Sunday, April 18, 2010

Gay men in grey tales

Rahul Mehta's debut collection of short stories, Quarantine, launches in India this month. In simple, fluid prose, Mehta weaves intimate tales of ‘ordinary' Indian-Americans trying to find meaning in their lives and relationships. Many of his characters are gay men, who appear to have come to terms with their sexuality a long time ago. Thus, ‘gayness' is part of every story's normal landscape. Mehta, the son of Gujarati immigrants from Mumbai, was born and bred in Virginia and teaches English at Alfred University in New York state. He talks storytelling and sexuality with Amit Bhattacharya by email. 

Your stories portray family dynamics among Indian immigrants in the US with great intimacy. How autobiographical are they?
The work is certainly shaped by personal experience (but) I would definitely resist any attempt to characterize it as "autobiographical". The work is definitely fiction, not memoir.
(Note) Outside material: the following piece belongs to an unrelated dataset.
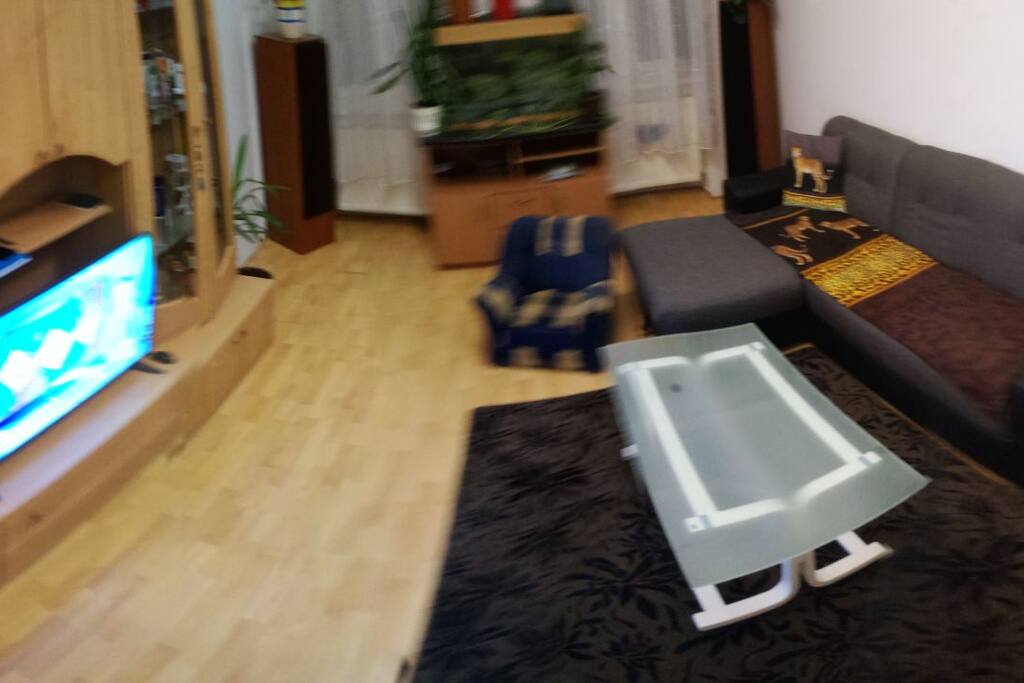 Wohnzimmer mit TV-Bereich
Gay relationships are a common thread in your stories. In some of them, parents are comfortable with their son's homosexuality. Does that accurately reflect attitudes within the Indian-American community?
I'm not sure the Indian-American community as a whole is any more accepting of homosexuality than similar communities in India. In fact, in some ways, Indian communities in America might be even more conservative than in India. There is a perception that many Indian immigrants from the first big wave of immigration in the 1950s and 1960s still cling to an idea of "Indian values" that is essentially 50 years out-of-date. However, I've been very fortunate that all of the people in my life – my parents, my brother, my uncles, aunts, cousins, and my parents' family-friends – have been incredibly supportive, not just of my being gay, but of my being a writer, my choosing a path that may be different from the standard stereotype of the Indian-American doctor or engineer or banker.